TOE’S TOWN, Liberia: Liberia on Saturday extradited 41 Ivory Coast nationals for their role in last year’s bloody post-electoral violence in the neighboring West African nation.
The handover witnessed by an AFP journalist took place in the northeastern border region of Toe’s Town and followed a Liberian court ruling that the men be sent back home to face justice.
A four-truck convoy escorted by heavily-armed UN troops and Liberian police brought the Ivorians from the central prison of Zwedru to Toe’s Town, 45 kilometers (30 miles) away at dawn.
Grand Gedeh county attorney John Gabriel said the move had been kept quiet because relatives of the Ivorians had threatened to set up roadblocks to stop the extradition.
After handover formalities lasting about an hour the handcuffed Ivorians were put into trucks on the other side of the border and driven away.
They were arrested on April 19 last year by United Nations forces as they tried to cross the border into Liberia with cars, guns and ammunition shortly after the capture of former Ivorian president Laurent Gbagbo.

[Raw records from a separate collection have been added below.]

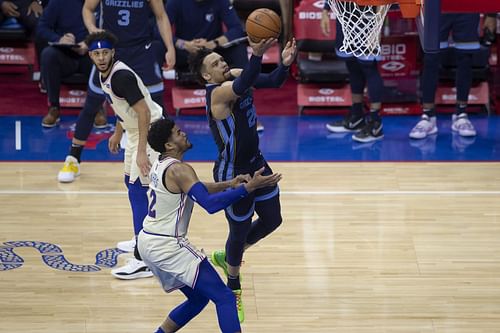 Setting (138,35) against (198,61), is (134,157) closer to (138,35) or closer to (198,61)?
(198,61)

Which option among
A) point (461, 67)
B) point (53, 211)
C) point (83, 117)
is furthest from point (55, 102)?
point (461, 67)

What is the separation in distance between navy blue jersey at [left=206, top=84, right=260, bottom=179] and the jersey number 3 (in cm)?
255

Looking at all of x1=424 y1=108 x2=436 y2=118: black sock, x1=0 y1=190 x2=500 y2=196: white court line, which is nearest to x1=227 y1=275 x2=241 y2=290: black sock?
x1=0 y1=190 x2=500 y2=196: white court line

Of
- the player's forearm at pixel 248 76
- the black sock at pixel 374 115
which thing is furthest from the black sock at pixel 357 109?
the player's forearm at pixel 248 76

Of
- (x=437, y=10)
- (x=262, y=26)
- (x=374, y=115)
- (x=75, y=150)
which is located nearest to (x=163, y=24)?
(x=75, y=150)

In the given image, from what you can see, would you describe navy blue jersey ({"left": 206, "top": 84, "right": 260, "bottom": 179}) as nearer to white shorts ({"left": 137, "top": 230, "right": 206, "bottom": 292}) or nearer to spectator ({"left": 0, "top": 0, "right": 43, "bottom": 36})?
white shorts ({"left": 137, "top": 230, "right": 206, "bottom": 292})

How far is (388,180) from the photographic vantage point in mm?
8984

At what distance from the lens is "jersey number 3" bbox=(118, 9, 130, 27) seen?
843 cm

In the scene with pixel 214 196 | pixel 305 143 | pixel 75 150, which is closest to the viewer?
pixel 214 196

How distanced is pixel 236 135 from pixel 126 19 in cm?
270

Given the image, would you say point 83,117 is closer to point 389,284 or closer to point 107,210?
point 107,210

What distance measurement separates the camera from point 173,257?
548 centimetres

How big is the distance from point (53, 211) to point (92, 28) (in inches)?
61.6

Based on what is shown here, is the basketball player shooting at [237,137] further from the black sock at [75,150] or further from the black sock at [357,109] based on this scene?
the black sock at [357,109] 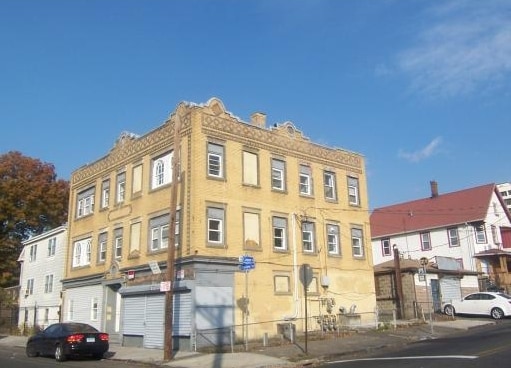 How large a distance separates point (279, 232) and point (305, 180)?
12.8 feet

Gbagbo’s refusal to accept election defeat to current Ivory Coast President Alassane Ouattara led to a four-month conflict in the country that claimed some 3,000 lives.
Gbagbo was captured on April 11, 2011 and has been in custody in The Hague since November on allegations of crimes against humanity.

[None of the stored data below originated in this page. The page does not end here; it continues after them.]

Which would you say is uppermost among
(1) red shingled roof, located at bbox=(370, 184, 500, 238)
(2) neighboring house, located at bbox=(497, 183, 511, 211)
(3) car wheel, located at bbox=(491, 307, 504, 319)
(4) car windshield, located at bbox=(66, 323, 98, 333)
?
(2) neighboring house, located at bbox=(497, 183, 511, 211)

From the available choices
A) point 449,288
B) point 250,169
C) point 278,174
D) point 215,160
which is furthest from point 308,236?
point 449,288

Many of his supporters fled to neighboring countries, including Liberia.
Two weeks ago 22 people, including seven UN peacekeepers from Niger, were killed in two separate attacks in western Ivory Coast, which Ivorian officials say they believe originated in Liberia.

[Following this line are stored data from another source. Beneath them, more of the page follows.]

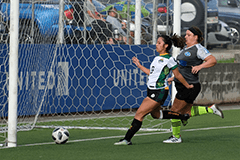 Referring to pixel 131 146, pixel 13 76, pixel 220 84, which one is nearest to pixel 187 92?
pixel 131 146

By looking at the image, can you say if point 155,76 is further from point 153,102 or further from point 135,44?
point 135,44

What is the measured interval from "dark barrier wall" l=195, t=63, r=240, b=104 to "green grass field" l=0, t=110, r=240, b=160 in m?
3.78

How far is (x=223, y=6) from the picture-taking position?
16.3 metres

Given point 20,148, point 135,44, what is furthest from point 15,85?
point 135,44

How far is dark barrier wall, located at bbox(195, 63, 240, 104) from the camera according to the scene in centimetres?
1127

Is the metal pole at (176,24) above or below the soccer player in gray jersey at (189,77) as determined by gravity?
above

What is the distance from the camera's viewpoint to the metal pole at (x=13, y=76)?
5.47m

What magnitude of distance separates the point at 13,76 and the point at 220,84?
727cm

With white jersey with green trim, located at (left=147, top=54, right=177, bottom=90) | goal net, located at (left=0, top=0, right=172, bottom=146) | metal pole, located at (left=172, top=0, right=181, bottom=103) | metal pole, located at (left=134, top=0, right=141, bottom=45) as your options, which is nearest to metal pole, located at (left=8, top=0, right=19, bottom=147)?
white jersey with green trim, located at (left=147, top=54, right=177, bottom=90)

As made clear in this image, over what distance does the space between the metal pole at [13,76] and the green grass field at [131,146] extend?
245mm

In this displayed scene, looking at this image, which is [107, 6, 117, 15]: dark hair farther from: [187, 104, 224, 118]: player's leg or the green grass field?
[187, 104, 224, 118]: player's leg

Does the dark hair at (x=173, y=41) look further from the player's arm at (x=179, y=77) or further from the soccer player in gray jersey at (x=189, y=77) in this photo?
the player's arm at (x=179, y=77)

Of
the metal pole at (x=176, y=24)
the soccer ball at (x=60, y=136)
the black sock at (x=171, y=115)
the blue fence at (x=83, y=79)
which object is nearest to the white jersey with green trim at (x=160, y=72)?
the black sock at (x=171, y=115)

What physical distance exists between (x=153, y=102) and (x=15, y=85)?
1.76 metres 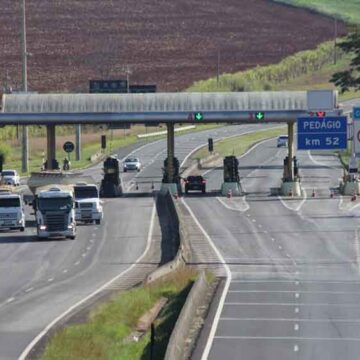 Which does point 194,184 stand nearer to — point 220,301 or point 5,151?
point 5,151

Shortly before the attacks Human Rights Watch issued a report saying at least 40 people had been killed since July 2011 in raids from Liberia by diehard Gbagbo supporters.
More than 12,000 people fled their homes as a result of the latest attacks, according to the United Nations, whose peacekeeping force in Ivory Coast has stepped up support for the Ivorian army in the area.
The UN has called on Ivory Coast to ensure security in the region, citing a “climate of fear,” while Ouattara’s government has said it is seeking 10 people in connection with the attacks, including Gbagbo’s former close ally Charles Ble Goude.
Goude, head of a pro-Gbagbo youth movement who has been on the run since the ex-president’s fall, has denied involvement.